Remains of missing WWII US soldier identified
Federal officials have identified the remains of a US Army soldier from Massachusetts who went missing during World War II in Italy while his unit was engaged in defensive fighting, according to the Defense POW/ MIA Accounting Agency.
The agency said in a statement that Private Hom O. Wing’s remains were identified on April 6.
Wing had served in Company B, 7th Infantry Regiment, 3rd Infantry Division and was reported missing in action Feb. 2, 1944, near the town of Cisterna di Latina, in an area where his unit had been engaged “in defensive fighting against the enemy,” the agency said.
That September, the 3044th Graves Registration Company recovered remains near Ponte Rotto, about three miles west of Cisterna di Latina.
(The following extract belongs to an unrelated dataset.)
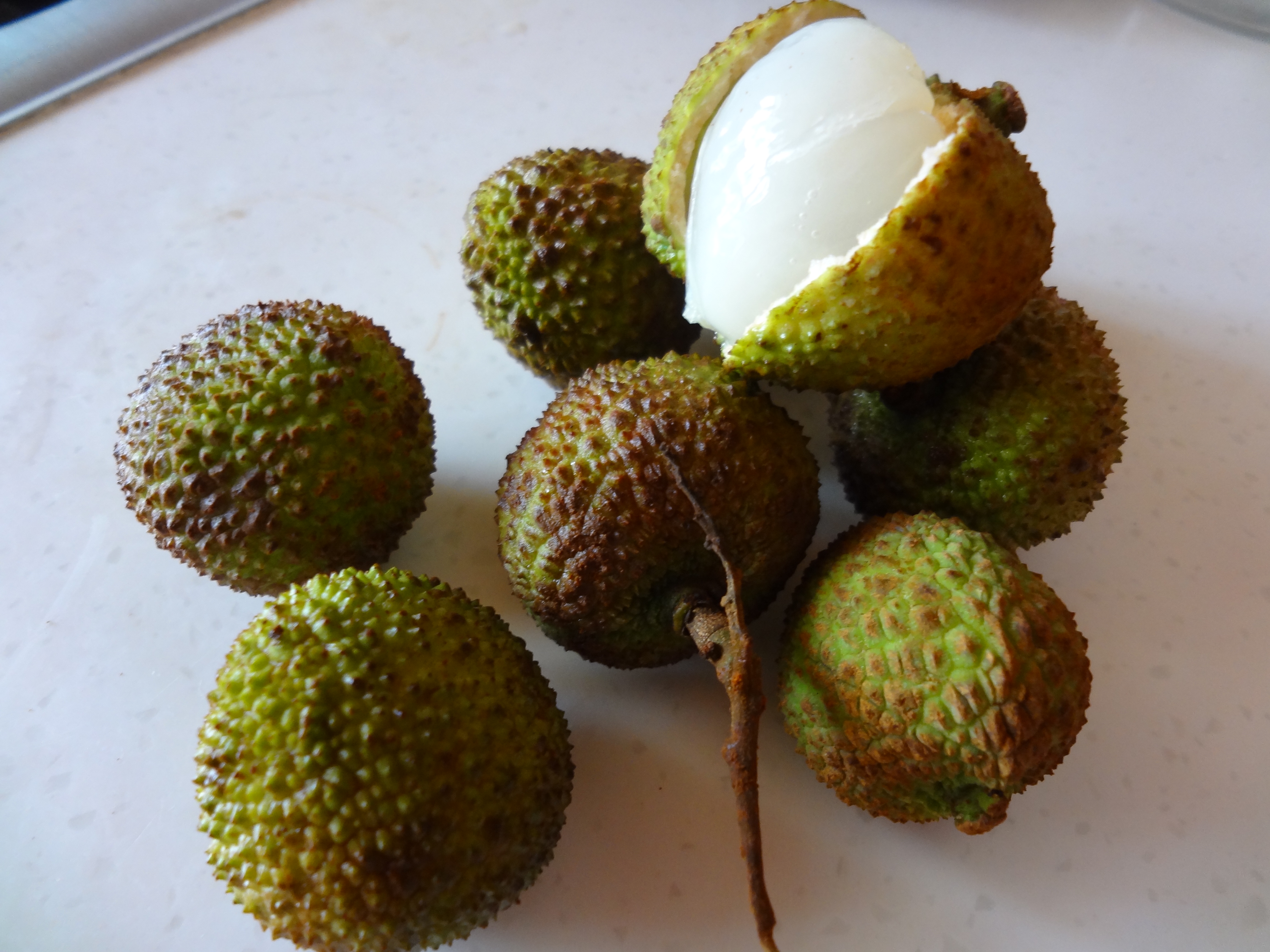 Плод похожий на каштан. Дуриан питайя. Киви маракуйя. Зеленый пупырчатый тропический фрукт. Южный зелёный фрукт пупырчатый.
At the time, the remains had no identification tags or other means they could be identified, so they were sent to the Central Identification Point at Nettuno, where officials could confirm only that they belonged to an American soldier.
In 1948, the remains were declared unidentifiable and interred at what would be known as the Sicily-Rome American Cemetery.
But in 2021, the remains were disinterred and sent to a laboratory “for analysis and identification,” the agency said.
“The laboratory analysis and the totality of the circumstantial evidence available established the remains as those of Private Wing.” Wing “is memorialized on the Walls of the Missing at the Sicily-Rome American Cemetery in Nettuno, Italy.”
It wasn’t immediately clear if Wing’s family plans to bring his remains to Massachusetts for burial.